On 16 July, the European Court of Justice (ECJ) ruled that the Privacy Shield is invalid, on the basis that the privacy rights of EU citizens are not adequately protected if their data is transferred to the US, due to the level of oversight provided to US intelligence and national security agencies - making the transfer of data from the EU to the US technically illegal.
The European Relocation Association (EuRA) and their strategic legal consultant Gordon Kerr have provided an excellent briefing and regular updates on this significant change to data protection from a global mobility perspective: the Privacy Shield was the mechanism used by tech giants including Amazon, Google and Microsoft to conduct transatlantic data transfers, and within the global mobility sector was used by US-based relocation management companies (RMC’s) to allow assignees personal data from the EU to be held on servers in the United States.
My experience in global mobility, working with large RMC’s, was that prior to the introduction of the Privacy Shield, assignees were required to sign a specific waiver enabling their personal data to be transferred to the United States – and effectively provided to the security and intelligence agencies for review – and not all were happy to agree, for a variety of reasons.
Since the ECJ verdict, RMC’s which have relied on Privacy Shield accreditation to transfer data to the US have been rushing to put into place alternative contracts with their clients and suppliers which incorporate “EU Standard Contractual Clauses” to provide personal data with the same level of protection afforded by the GDPR.
From the perspective of extended-stay corporate/business travellers, who are not booking their stay through an RMC, this issue remains relevant.
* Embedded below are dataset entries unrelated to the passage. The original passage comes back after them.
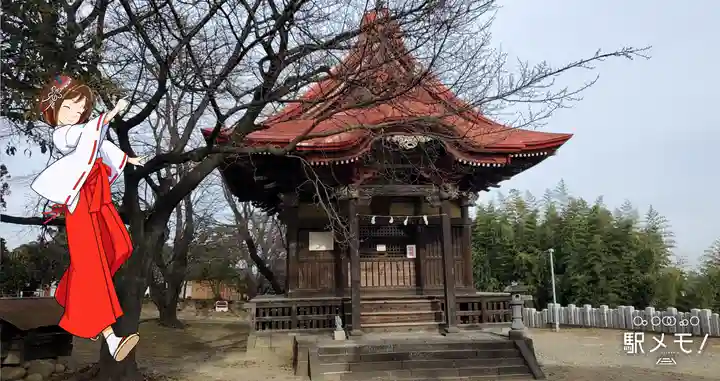 上野国一社八幡八幡宮のその他建物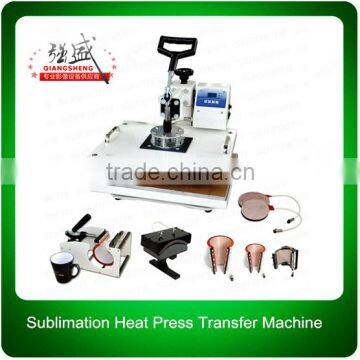 all in one heat transfer machine, heat press machine for mugs/T-shirts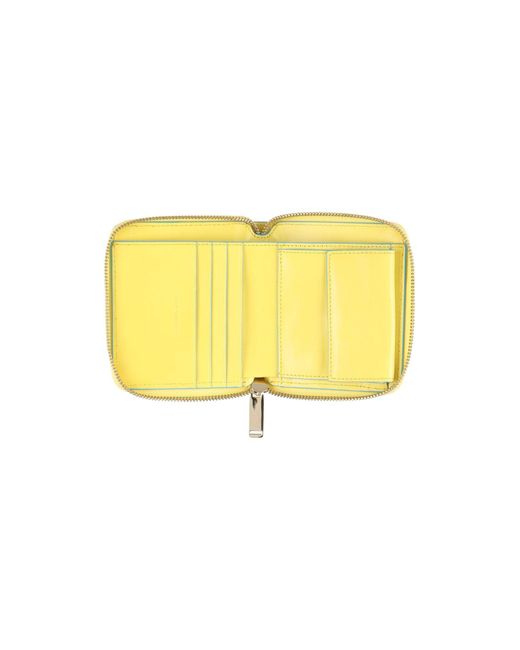 Piquadro Wallet in Yellow | Lyst
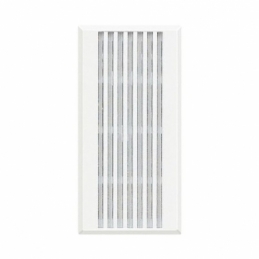 bticino axolute bianca suoneria bronzo 12v bticino hd4351v12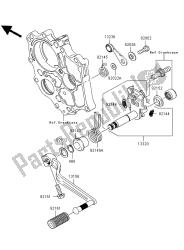 GEAR CHANGE MECHANISM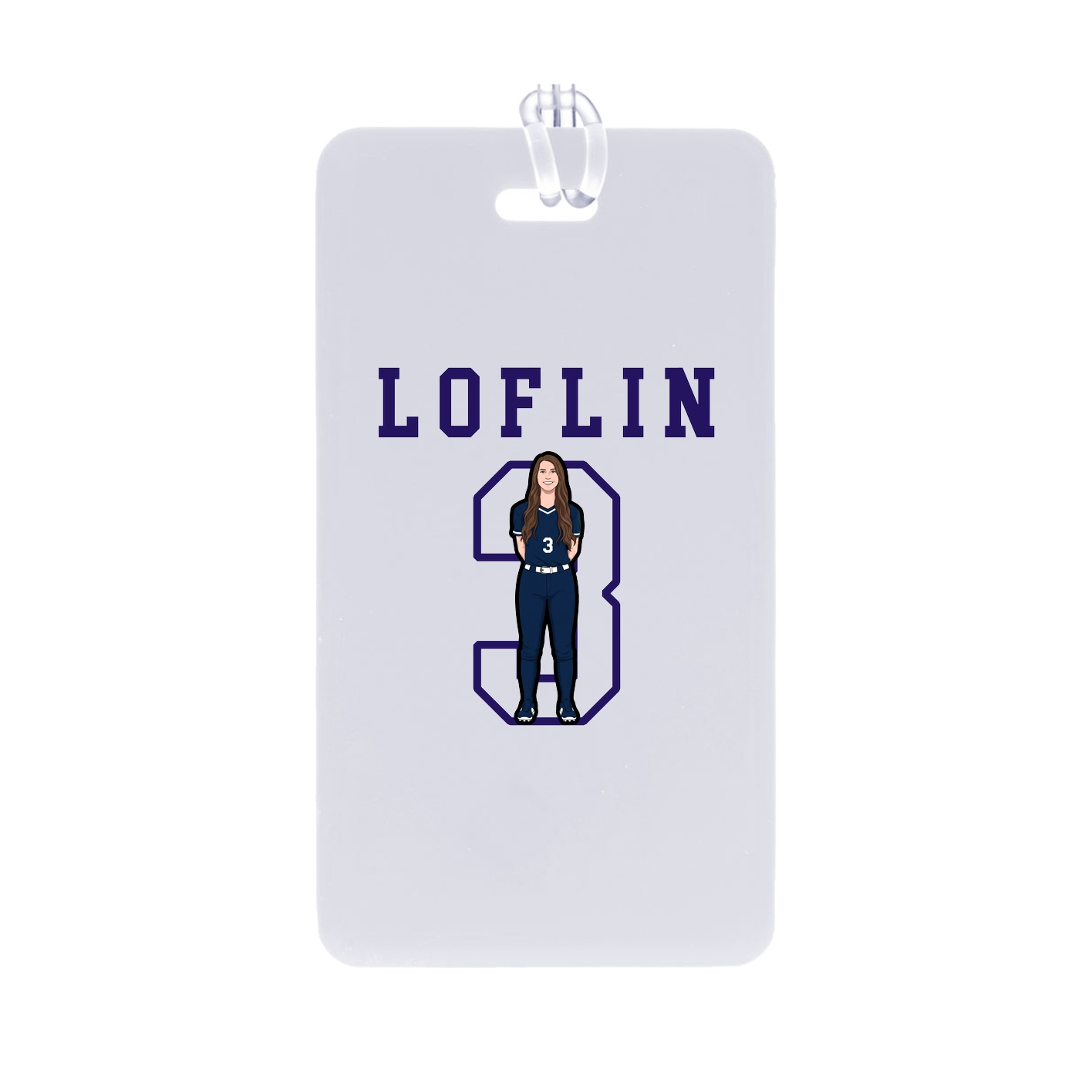 Bag Tag — Shirsey in Classic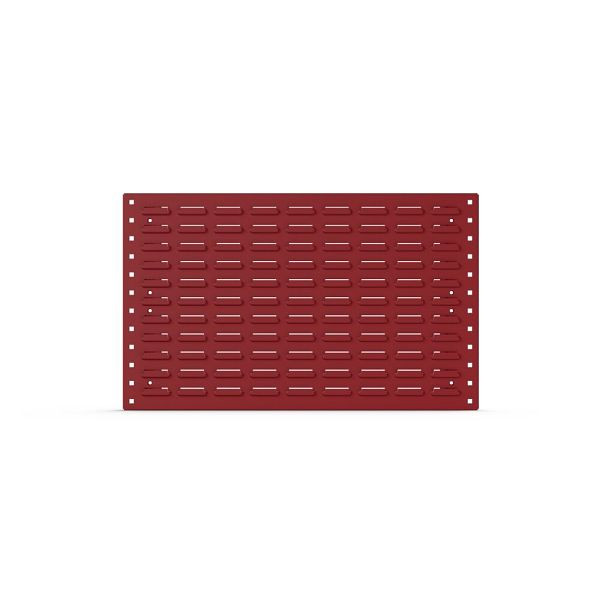 bott perfo Schlitzplatte 750 horizontal, BxTxH: 750x19x457mm, Purpurrot, 14025399.24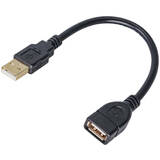Cablu Date AK-USB-23 USB 0.15 m USB 2.0 USB A Negru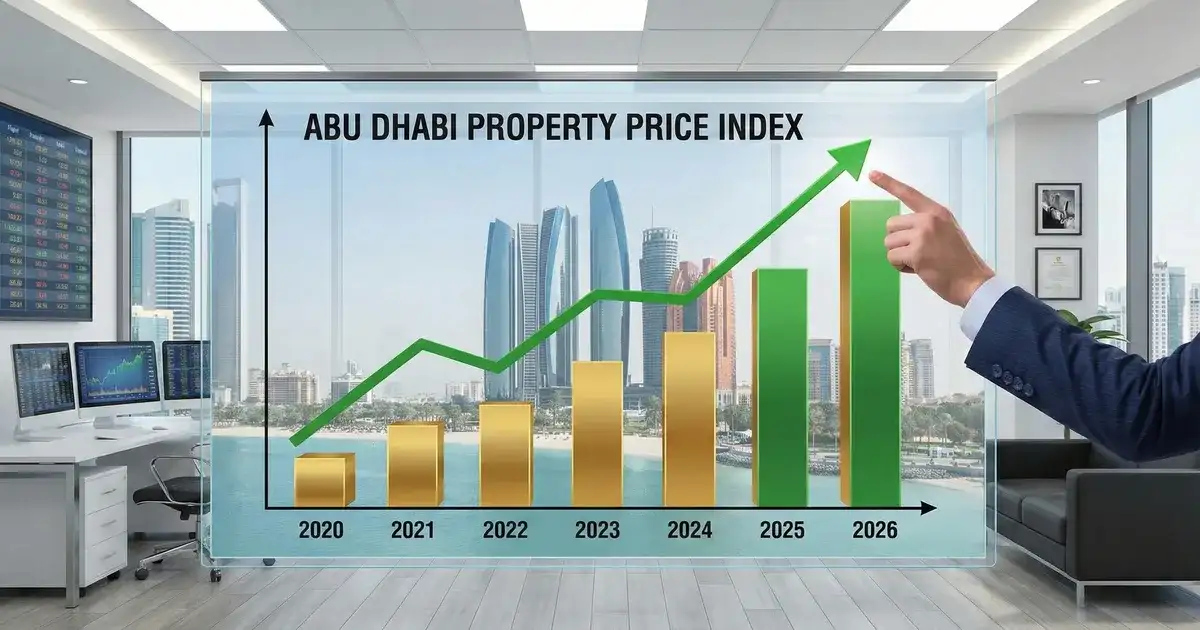 Abu Dhabi Real Estate Capital Appreciation Trends (2020-2026): Historical Analysis and Future Outlook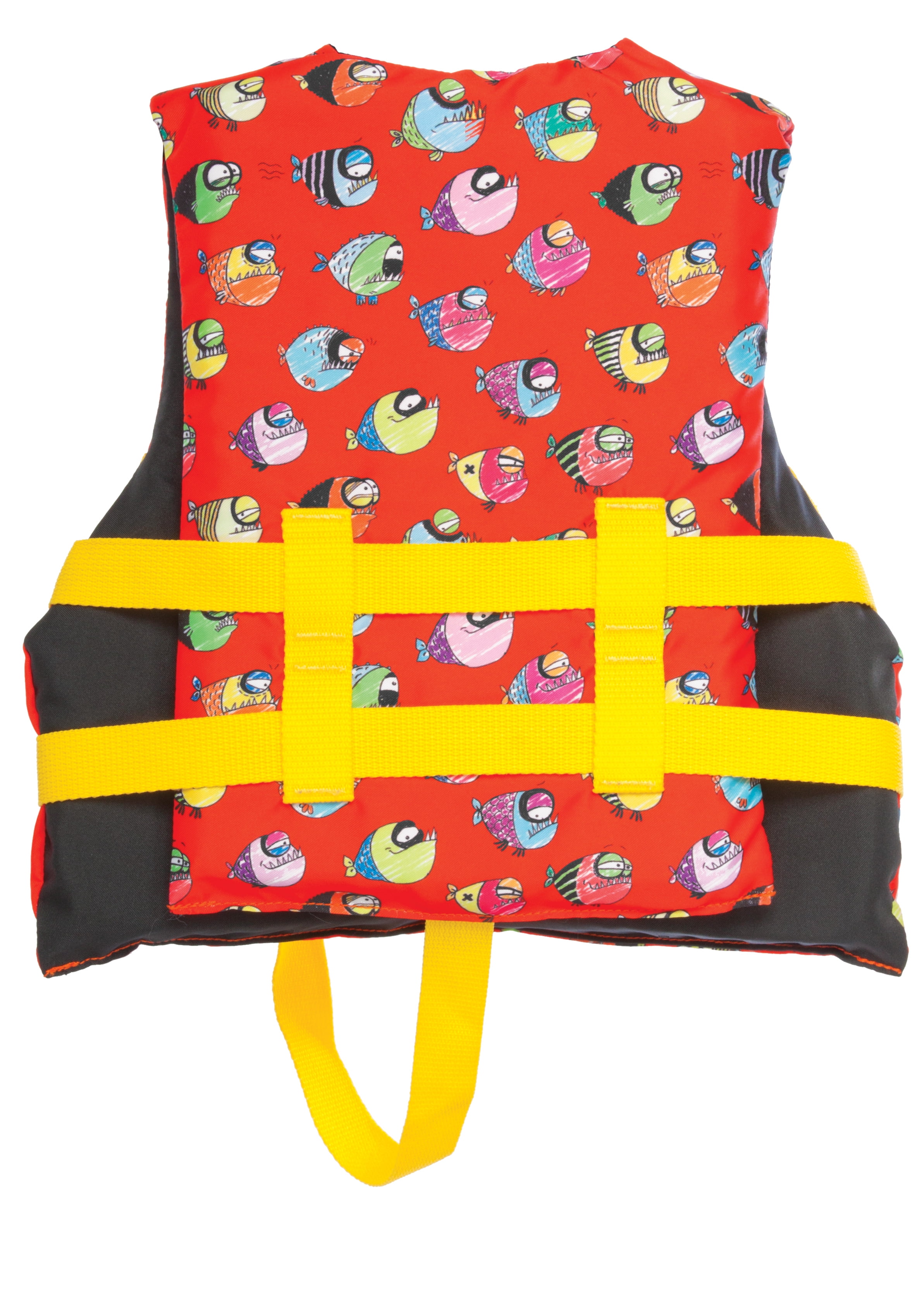 CRAYON FISH Child Life Vest, Red by AIRHEAD SPORTS GROUP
We assume that there is a huge amount of activity going on behind the scenes to ensure this issue is resolved for extended stay business travellers departing the EU.
While we understand from the EuRA updates that discussions are being held to try and agree a revised form of Privacy Shield to satisfy the ECJ, the current heightened geo-political and trade pressures mean early resolution is not guaranteed.
In the interim, Corporate Clients with current extended stay business travellers, that have direct relationships with US-headquartered operators/agents (depending on where their data is stored), should have a solution in place, albeit it potentially temporary, for this issue. This is a high-priority agenda item that will avoid breaching EU data protection law, and impacting the security of personal data for your extended stay business traveller.